Почти каждое воскресенье я ходил на весь день в Паки[13] к г-ну Фази, женатому на одной из моих теток и владевшему там ситцевой фабрикой. Однажды я был в сушильном отделении и смотрел на валы каландра[14], блеск их ласкал мой взор, мне захотелось дотронуться до них, и я с удовольствием водил пальцами по лощеной поверхности цилиндра,— как вдруг молодой Фази вошел в колесо и повернул его на четверть оборота так ловко, что мне только прихватило два пальца на руке; но этого было довольно для того, чтобы кончики их оказались раздавленными и чтобы оба ногтя остались в машине. Я испустил пронзительный крик. Фази в тот же миг поворачивает колесо обратно, но ногти все- таки остались на цилиндре, и кровь потекла ручьями у меня из пальцев. Фази в ужасе кричит, выходит из колеса, обнимает меня и заклинает удержаться от криков, прибавляя, что он пропал. Среди своих мук я был тронут его мукой, я умолк; мы кинулись к пруду с карпами, где он мог мне обмыть пальцы и остановить кровь с помощью мха. Он со слезами умолял меня не выдавать его; я обещал и так хорошо сдержал обещание, что даже двадцать лет спустя никто не знал, как случилось, что у меня два пальца искалечены; они навсегда остались такими. Я пролежал больше трех недель в постели и больше двух месяцев не мог владеть рукой, продолжая утверждать, что упал большой камень и раздавил мне пальцы.
Magnanima menzogna! Or qnnrulo e il vero. Si bello che si possa a te proporre? [ О великодушный обман! Когда же правда бывает такой прекрасной, чтоб ее можно было предпочесть тебе? ( итал.) ]
Между тем этот несчастный случай был мне очень неприятен по особым обстоятельствам: это было время военного обучения, обязательного для всех граждан, и я уже входил в один отряд с тремя другими мальчиками моего возраста, с которыми и должен был, одетый в форменное платье, делать упражнения вместе со всем нашим кварталом. Мне с горечью пришлось услышать барабан нашего отряда, когда он проходил под моим окном с тремя моими товарищами, в то время как я лежал в постели. Другая моя история — совершенно такая же, но относится к более позднему возрасту.

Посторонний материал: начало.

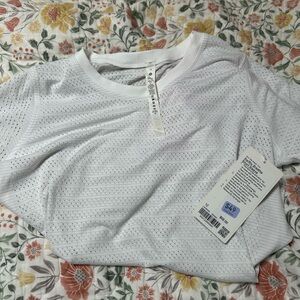 Lululemon Athletica White Swiftly Breathe shirt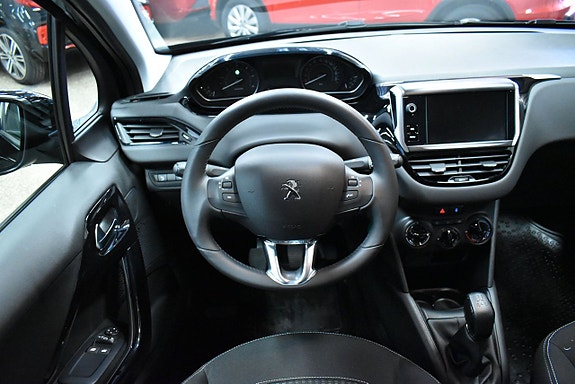 Peugeot 208 14 of 23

Я играл в Плен-Пале[15] в шары с одним своим товарищем по имени Пленс. Во время игры мы поссорились, подрались, и он ударил меня прямо по голове молотком от шаров так крепко, что, будь рука у него сильнее, он убил бы меня. Я свалился с ног. Ни разу в жизни не приходилось мне видеть такого смятенья, как у этого бедного малого, когда он увидел кровь, текущую ручьем у меня по волосам. Он подумал, что убил меня. Он кидается ко мне, целует меня, крепко сжимает в объятиях, разражаясь слезами и оглашая воздух пронзительными криками. Я тоже изо всех сил обнимал его, плача, как и он, в волнении, не лишенном некоторой приятности. Наконец он принялся останавливать кровь, продолжавшую течь из раны, и, видя, что обоих наших платков для этого не может хватить, потащил меня к своей матери, у которой был неподалеку оттуда садик. Эта добрая женщина, увидев, в каком я состоянии, чуть не лишилась чувств. Но она нашла в себе силы, чтобы заняться мной, и, как следует промыв мне рану, приложила к ней лепестки лилий, вымоченные в водке — превосходное и очень у нас распространенное средство для леченья ран. Слезы ее и ее сына так глубоко тронули меня, что я долго смотрел на нее, как на свою мать, а на него, как на своего брата, и только когда потерял обоих из вида, понемногу их забыл.